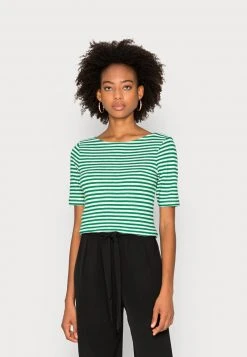 Marc O'Polo Damen SHORT SLEEVE BOAT NECK STRIPED - T-Shirt Print - Multi/preppy Green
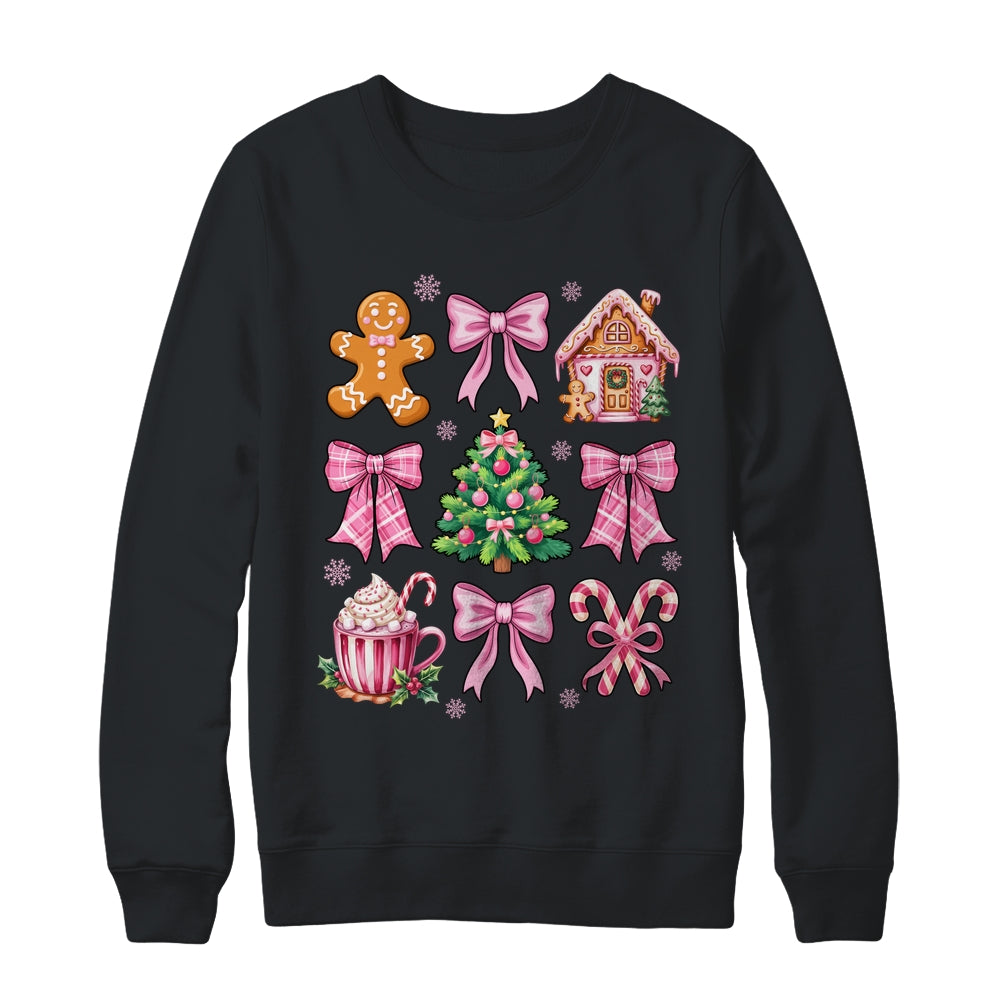 Christmas Coquette Bow Pink Gingerbread Xmas Girls Holiday Shirt & Sweatshirt | siriusteestore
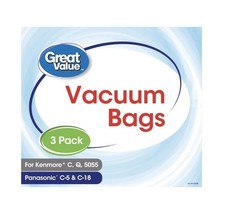 Great Value Vacuum Bags, Kenmore C, Q, 5055, Panasonic C-5 &amp; C18, 3 Pack - £13.32 GBP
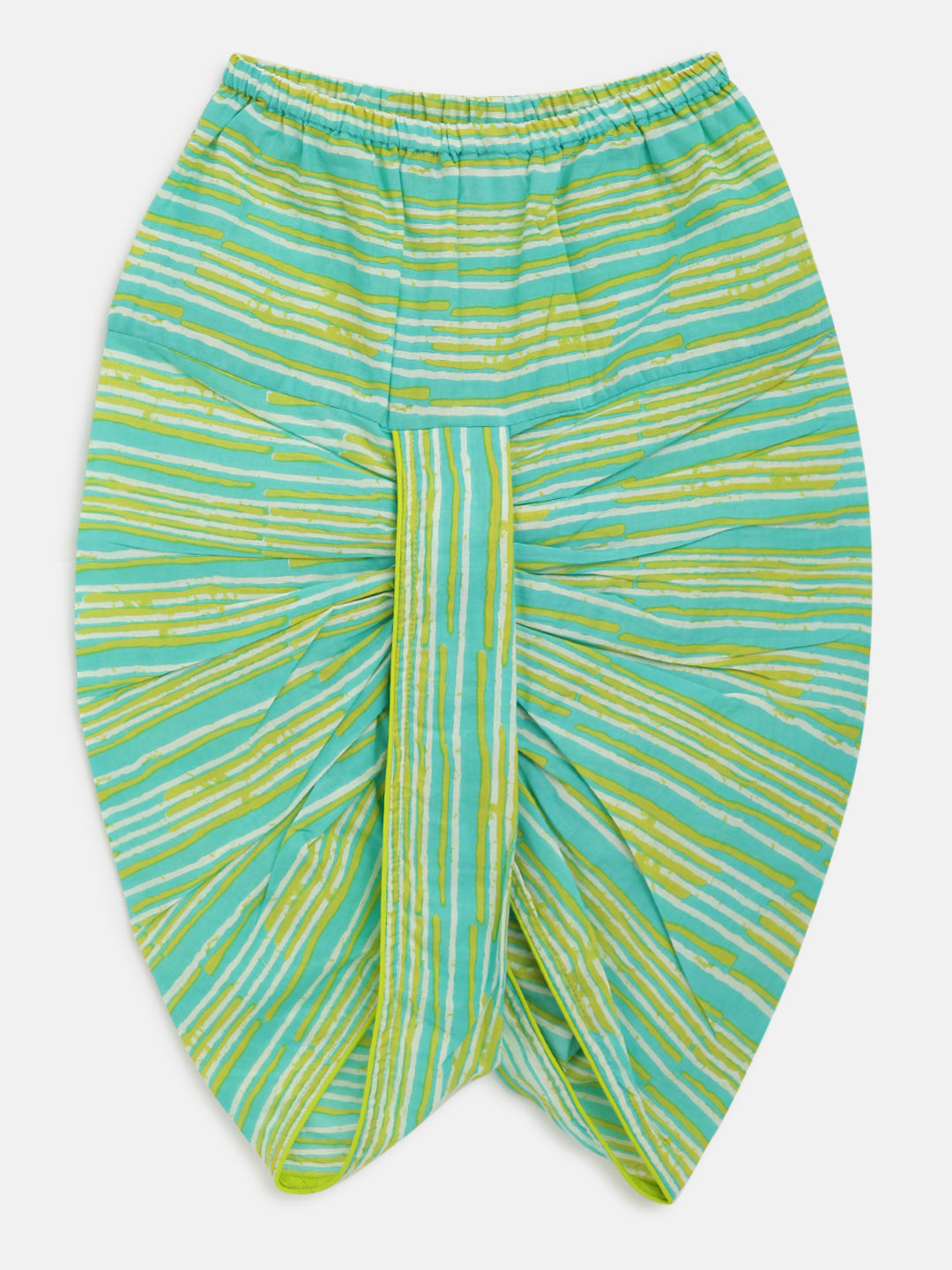 Lime Green & Turquoise Ikat Print Cotton Kurta with Dhoti pants - Nimbu Kids
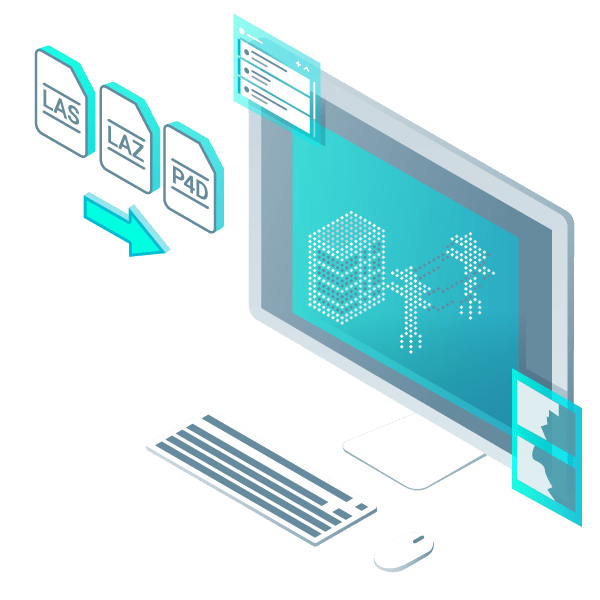 import point clouds into the survey software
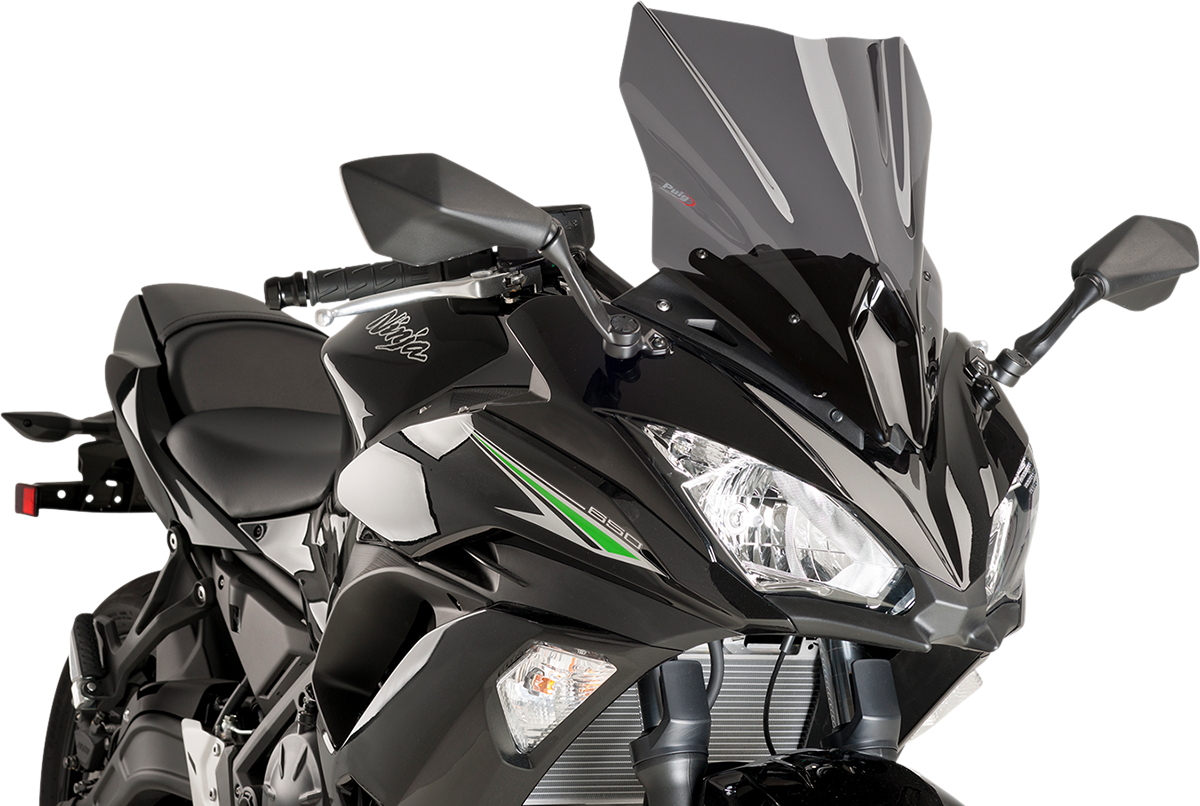 Race Windscreen - 17-3/4\" - Dark Smoke - Kawasaki 2017 - 2019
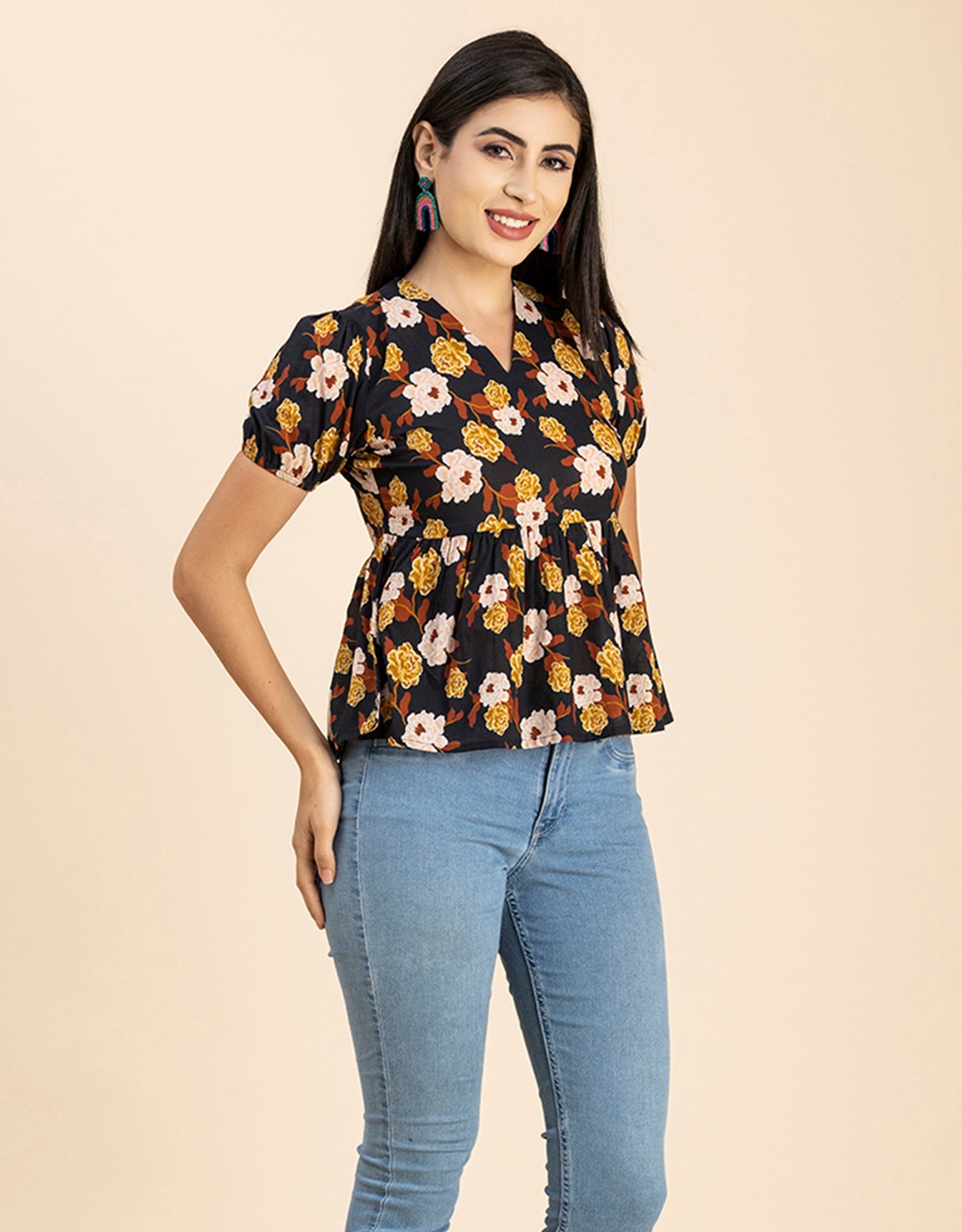 Short Puff Peplum Crop Top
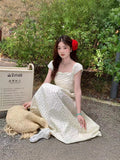 Broken Vest Sling Dress 2025 Spring And Summer New Popular Wear French Waist-Length Dress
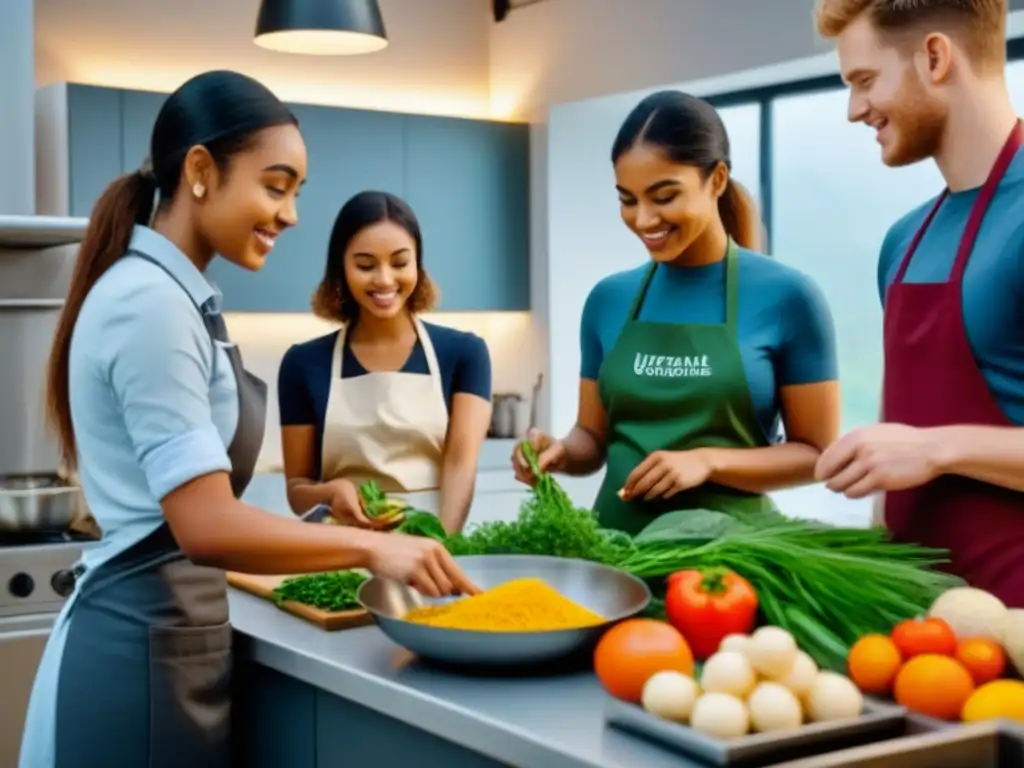 Grupo diverso de estudiantes cocinando juntos en una cocina moderna y ecológica, promoviendo la alimentación sostenible para estudiantes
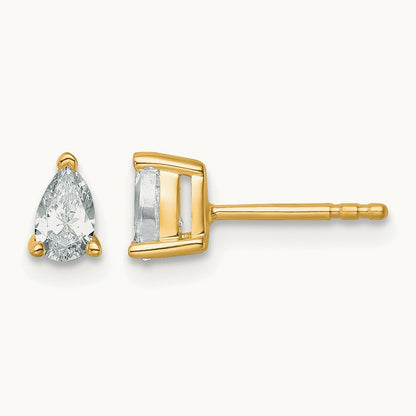 Pear 3 Prong Stud Earrings, 0.50-6.00 ct tw Lab-Grown Diamond — 1/2 ct, 14K Yellow Gold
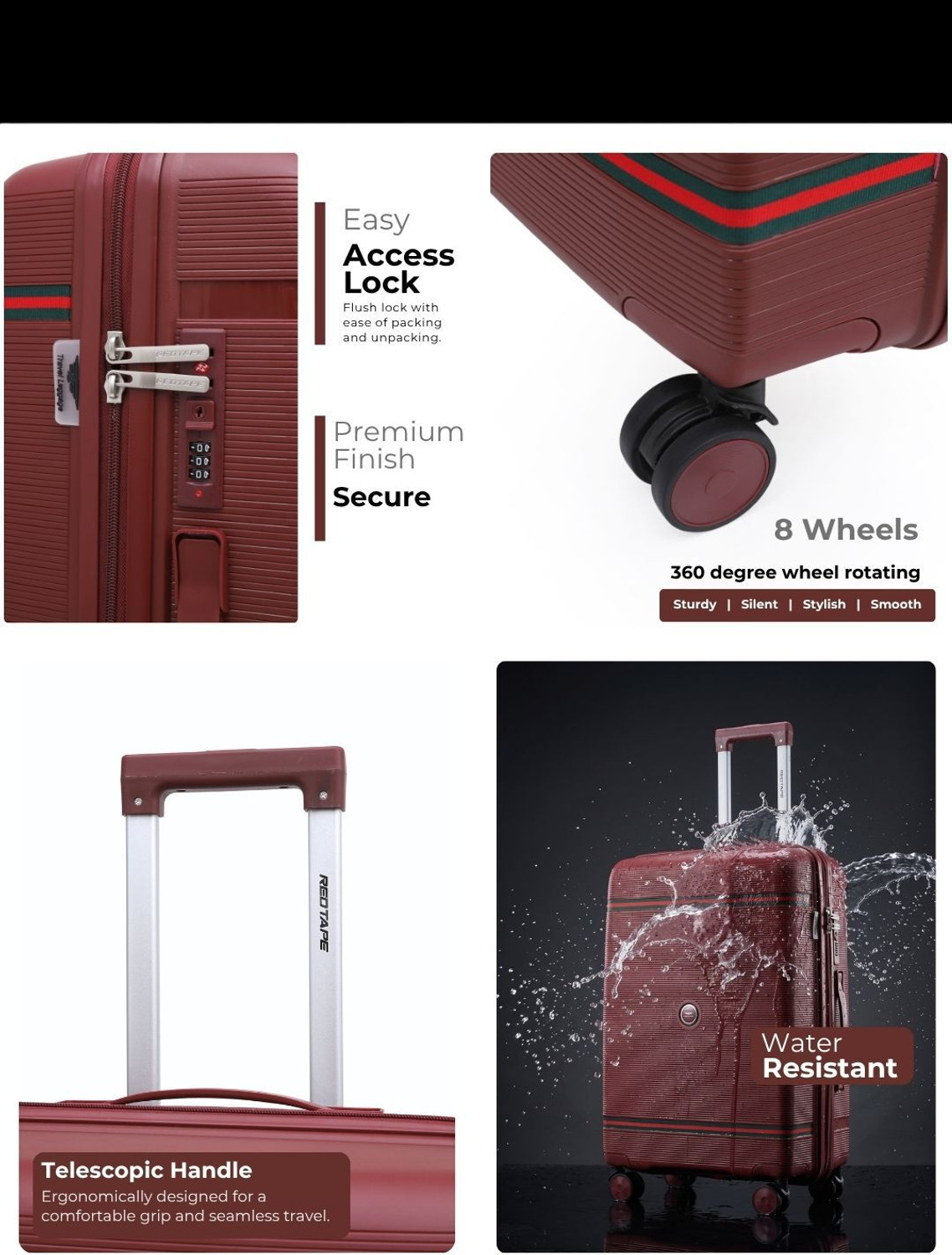 Image of Red Tape Small Cabin Suitcase (55.5 cm) 8 Wheels - Unisex 20 In Small Cabin Suitcase 13.5 In Laptop Front-Open Cabin Luggage- 35L - Red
——
-- What to do --
Repeat all the records above exactly, leaving out any pictures.

-- Solution for this exercise --
 Marc O'Polo Damen SHORT SLEEVE BOAT NECK STRIPED - T-Shirt Print - Multi/preppy Green
 Christmas Coquette Bow Pink Gingerbread Xmas Girls Holiday Shirt & Sweatshirt | siriusteestore
 Great Value Vacuum Bags, Kenmore C, Q, 5055, Panasonic C-5 &amp; C18, 3 Pack - £13.32 GBP
 Lime Green & Turquoise Ikat Print Cotton Kurta with Dhoti pants - Nimbu Kids
 import point clouds into the survey software
 Race Windscreen - 17-3/4\" - Dark Smoke - Kawasaki 2017 - 2019
 Short Puff Peplum Crop Top
 Broken Vest Sling Dress 2025 Spring And Summer New Popular Wear French Waist-Length Dress
 Grupo diverso de estudiantes cocinando juntos en una cocina moderna y ecológica, promoviendo la alimentación sostenible para estudiantes
 Pear 3 Prong Stud Earrings, 0.50-6.00 ct tw Lab-Grown Diamond — 1/2 ct, 14K Yellow Gold
 Image of Red Tape Small Cabin Suitcase (55.5 cm) 8 Wheels - Unisex 20 In Small Cabin Suitcase 13.5 In Laptop Front-Open Cabin Luggage- 35L - Red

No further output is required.